私が社長になってからは7期目が過ぎました。学校を卒業して以来、ずっとこの会社でお世話になっています。
戦時中、お酒は配給でしか手に入りませんでした。その時に出来た組織が、統制が外れた後に協同組合組織になりそれを株式会社にしたのが昭和28年。千葉県内の醸造元(生産者)と小売りとが共同出資して設立した会社です。昨年ちょうど50周年で、初代〜3代目までは社長も醸造元出身者でした。4代目からは社内生え抜きの人間が選ばれ、5代目が私です。学生時代から酒を飲むのは好きでしたね。酒販会社に入ったのも、ごく自然なことでした。昔も今も、酒は何でも飲みますよ。特に好きなのは日本酒ですね。

‥‥‥近年の酒販業界の動向はいかがですか?
 平成2年から酒販価格が自由化され、激しい価格競争が始まりました。さらに一昨年の9月には酒販免許の基準がほぼ無くなり、スーパーやコンビニエンスストアなどの組織的な小売業が参入し、ディスカウント店が増え、家族で経営するような小さな酒屋さんは廃業の危機にあります。
 しかし買える店が増えて価格が下がっても、発泡酒やチューハイなどは売れていますが、清酒は最盛期から見ると半減、ウイスキーも20年前の1/4ほどしか売れません。ビールですら、発泡酒の影響で半減に近いですよ。
 お酒の商品数が増え、バラエティ豊かになって、選択肢は幅広くなりました。お酒の規制緩和とデフレ経済の時期が重なって、人気は安い商品へとどんどんシフトしたのです。ウイスキーの代わりに焼酎が出るようになって、今は九州の焼酎がブームですね。近頃は"和"のブームに見られるような日本の伝統文化の見直し、本物嗜好の高まりや、健康によい点、そして様々なものに混ぜて多様な飲み方ができる点で、若い女性を中心に人気です。ある意味、価格の安さや量の多さよりも質を求める"こだわり派"も増えているんですね。高度成長、大量生産よりも、本当にいいものを選びたいという時代になってきたのでしょうか。

‥‥‥業界としての問題点はありますか?
 行き過ぎた価格競争で、業界全体の疲弊とともに、社会問題になっているのが未成年者の飲酒と、飲酒運転。飲酒運転に関しては、罰則が厳しくなって以来、減少傾向にありますが、未成年者の飲酒については我々業界を上げて取り組むべきと考えています。一昨年から、私も未成年飲酒防止キャンペーンに毎年参加し、JR千葉駅前で地元高校生たちや堂本知事と共に市民の皆さんに訴えかけています。
 近年は販売形態がバラエティに富み、未成年者が手に取りやすくなったばかりか、ジュースよりも安く売っていて、子どもでも簡単に買えてしまう。売る側・生産する側として、ただ安くしてどんどん利益を上げればいいというものではありません。やはりアルコール飲料を扱う以上、それだけの社会的責任がかかってきます。昔から『百薬の長』と言われる反面、扱い方、楽しみ方を間違えると取りかえしのつかないことになるのがお酒です。これに危機感を持ちつつ、未成年の飲酒がいかに弊害があるかという認識を社会全体でしっかりと持っていかなければなりませんね。

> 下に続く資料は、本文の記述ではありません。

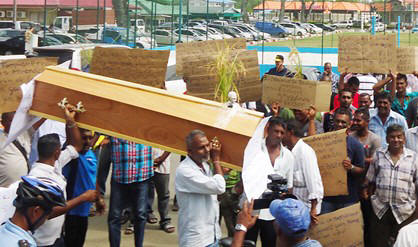 Rijstboeren in Nickerie hebben woensdag tijdens een protest de rijstsector ten grave gedragen.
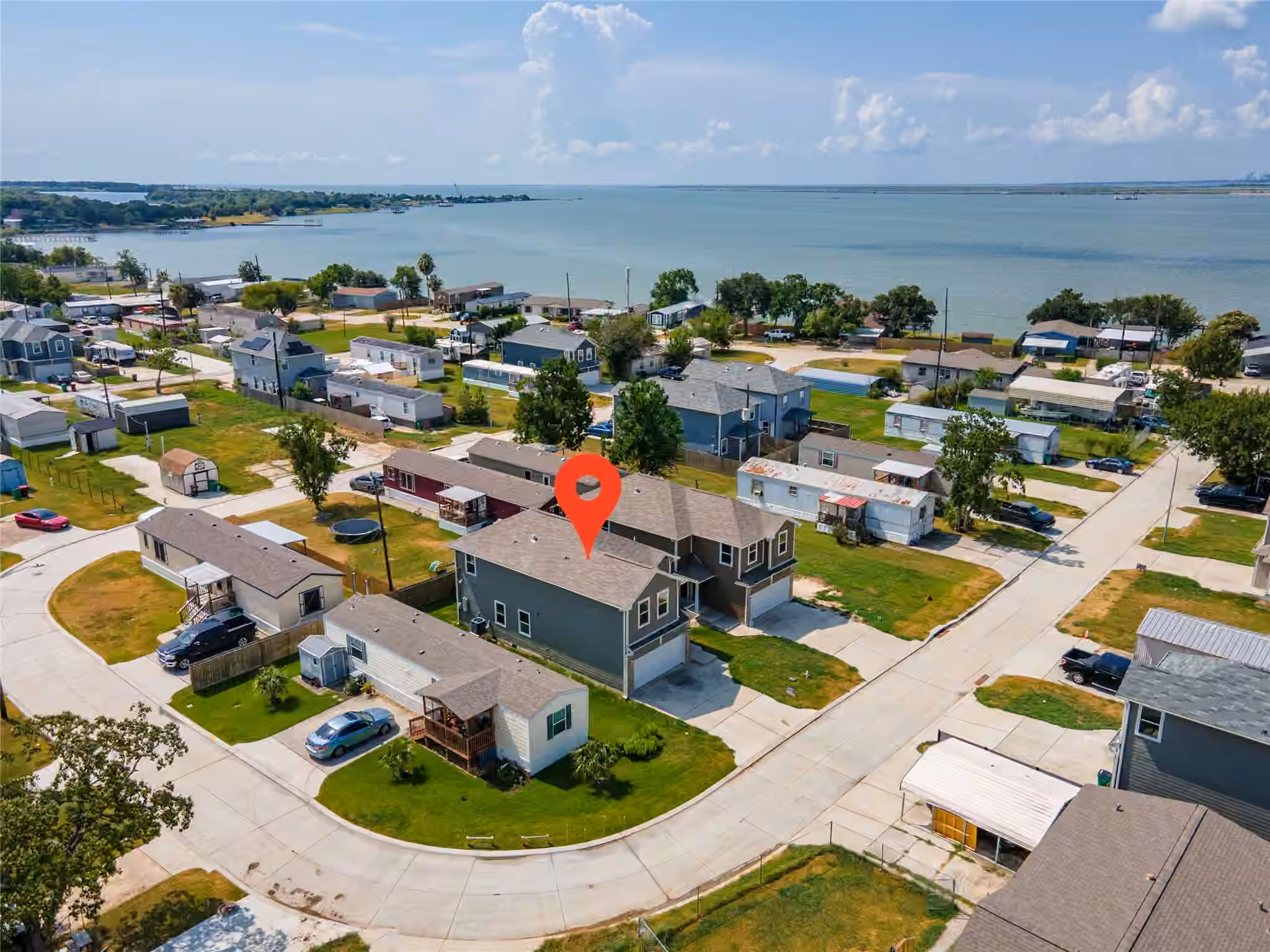 Photo of 127 Egret Canal N, Baytown, TX 77523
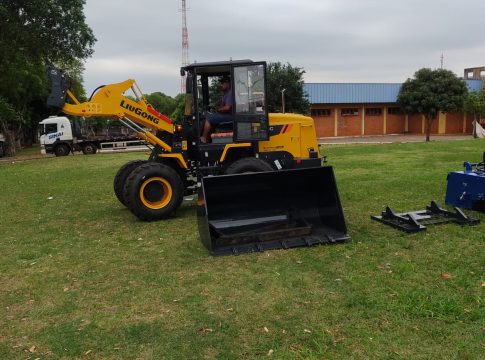 Prefeitura de Iguatemi adquire pá-varredoura para limpeza pública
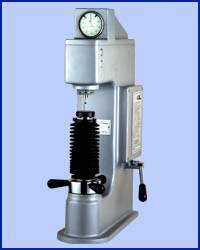 Analog Rockwell Brinell Sertlik Ölçme Cihazları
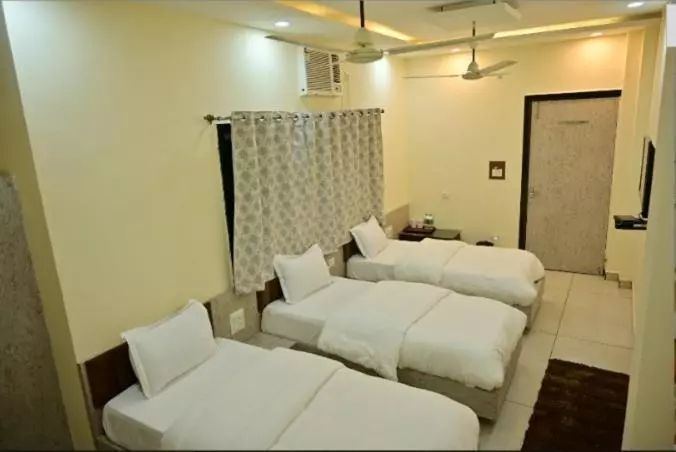 Hotelli Raghuveer Inn By Bookingcare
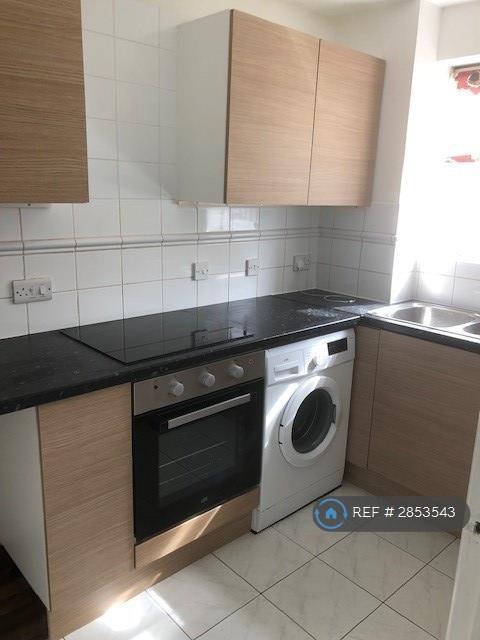 2 bedroom flat in Lovegrove Drive, Slough, SL2 (2 bed) (#2853543)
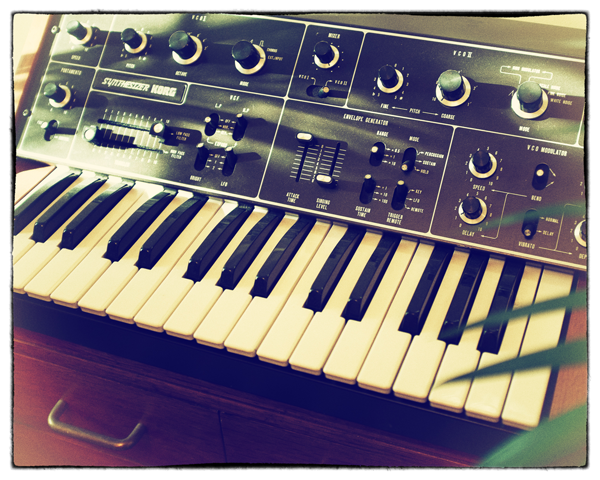 Rhythmic Robot - Poly 770 Screenshot 2
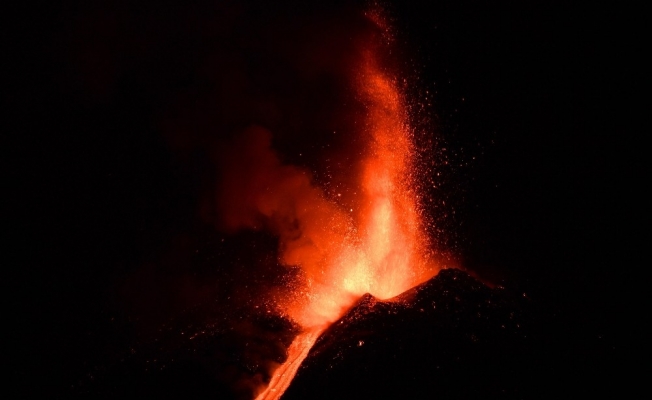 Etna Yanardağı, son bir haftada 6 kez faaliyete geçti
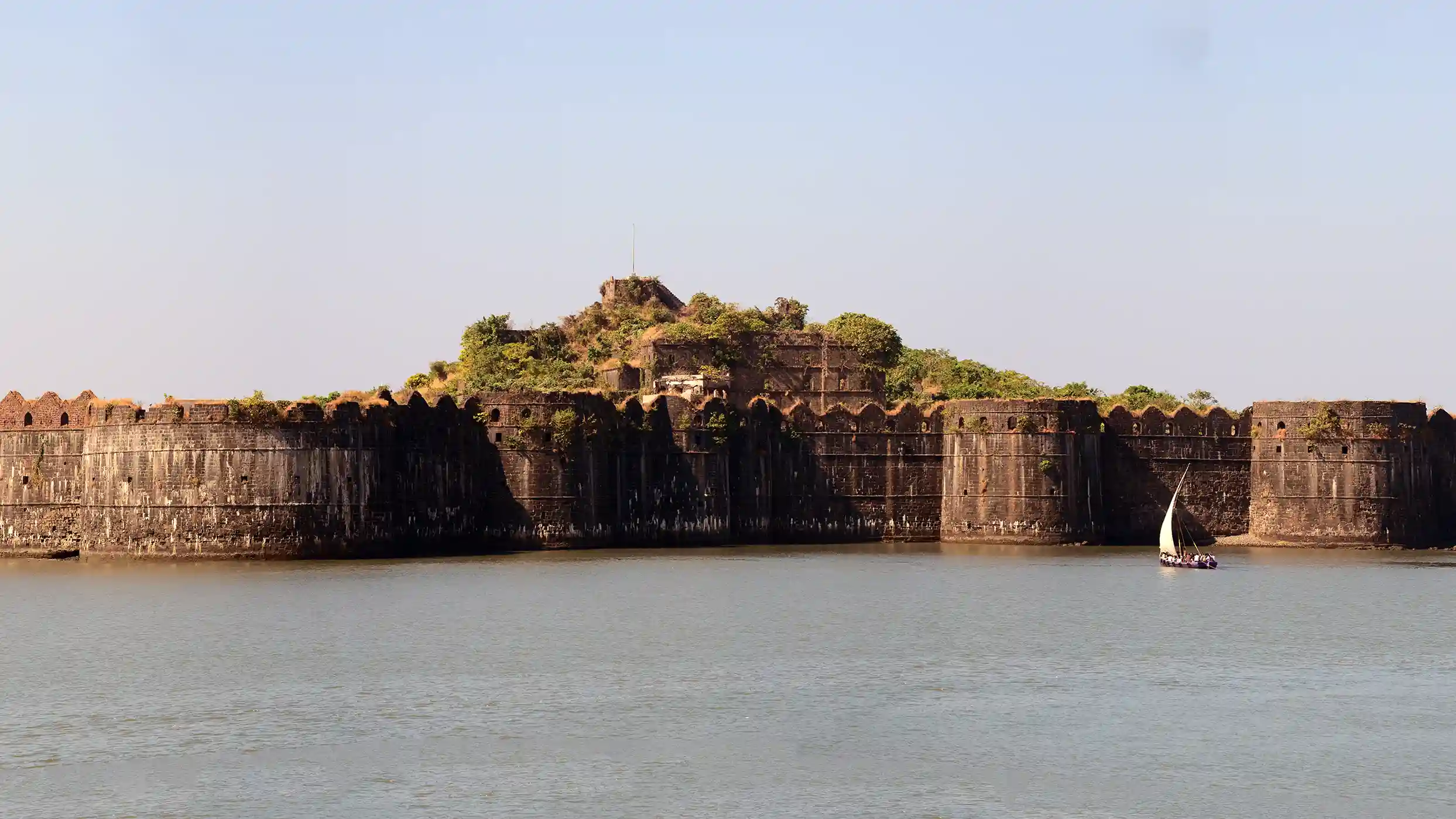 Top 12 One-Day Getaways from Mumbai: Nature & History Waits 27 Murud_Janjira_Panoramic_View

‥‥‥地域色を出した商品開発に力を入れているそうですが?
 経済が成熟し高度化すると、人は地域性のある商品を求めるようになるそうですね。消費者の方も、地域の特性がよくあらわれた商品を求めています。
 「千葉のめぐ実」シリーズ「梨のお酒」「梨のスパークリングワイン」は、千葉県の推奨する「千産千消」をコンセプトに、JA全農千葉と県内各農協の協力を得て千葉県の梨を原料に開発され、平成14年に発売しました。この売り上げ金の一部は財団法人千葉県環境財団「ちば環境再生基金」に寄付させていただき、千葉の自然保護のために役立ててもらっています。梨は船橋市・白井市・市川市のものを使用しました。他にもメロン(銚子市)やレモン(丸山町・千倉町)のお酒も作りました。果物はもうひと通り作りましたね。
 もともと当社は「地域に根ざした営業活動を展開し、地域社会の繁栄に貢献する」という経営理念を掲げてきました。1本につき5円や10円の小さな金額ではありますが、堂本知事からは「消費者が1本1本買うことで、それが環境保護に繋がるのは素晴らしいこと」とエールをいただいています。地元で採れたものを使い、地元の環境保全のために還元していく。これこそが、理念を遂行したことになるのではないか、と考えています。

‥‥‥千葉のお酒の活躍ぶりはいかがですか?
 大多喜の農協では筍のワインを作って、話題を呼んでいるようですね。うちで開発した千葉のお酒は、酒屋さんはもちろん、飲食店などからの問い合わせも多いんですよ。
 千葉の飲み屋さんで、千葉のおいしい料理と千葉のお酒を合わせて楽しんでいただきたくのは、最高だと思います。
 昨年、新発売した1日限りの純米酒「今朝しぼり」は、酒蔵でその日の朝一番、午前2時から作業を始めて、搾りたての新米新酒を、無ろ過・生のまま瓶詰めし、数量予約限定でその日のうちにご自宅に宅配便でお届けしたんです。
 これは画期的な試みでした。昨年は11月20日に皆様のお手元に届き、大好評をいただきました。ワインのボジョレーヌーボーが毎年、風物詩として浸透していますから、日本酒のボジョレーとして定着してくれればと思っています。
 ちなみに、商品開発の現場で活躍しているのは女性が中心です。パッケージやネーミングも、女性のセンスを活かしたものがすでにたくさん世に出ているんです。これからはやはり、女性の時代ですね。何しろ、お店に買いに行って商品を選ぶのは女性ですから。当然、女性をターゲットにした商品もたくさん作らなければいけませんね。

‥‥‥千葉のお酒が、全国に拡がっていくことはあるでしょうか?
  地域ブランドというものは近年、全国的に盛り上がっていますよね。千葉限定、千葉産というものに価値があり、千葉でしか味わえない商品はもちろん、中には「千産全消(千葉で作り、全国で販売する)」の商品もあるんです。
 おすすめはいろいろありますが、落花生焼酎「ぼっち」はぜひ飲んでみて下さい。米とともに八街産落花生を丹念に仕込み、やや低温の減圧蒸留法で、香りよく軽快な味わいの焼酎にしました。落花生を使った焼酎は全国でも珍しく、風味があって何とも言えないおいしさです。落花生は、全農さんのご協力で千葉のものだけを使用。全国各地の卸などと提携し、全国ブランドとして扱っていただいています。各種マスコミにもずいぶん取り上げていただきました。
 今は、各県、各地域それぞれで、地域性を出し、いろいろ工夫したものを競い合うように作り出してきています。一村一品運動というのもありましたけども、千葉には一品どころかたくさんの自然の恵みがあり、それを加工して世に出すのも、まだまだ始まったばかり、これからですね。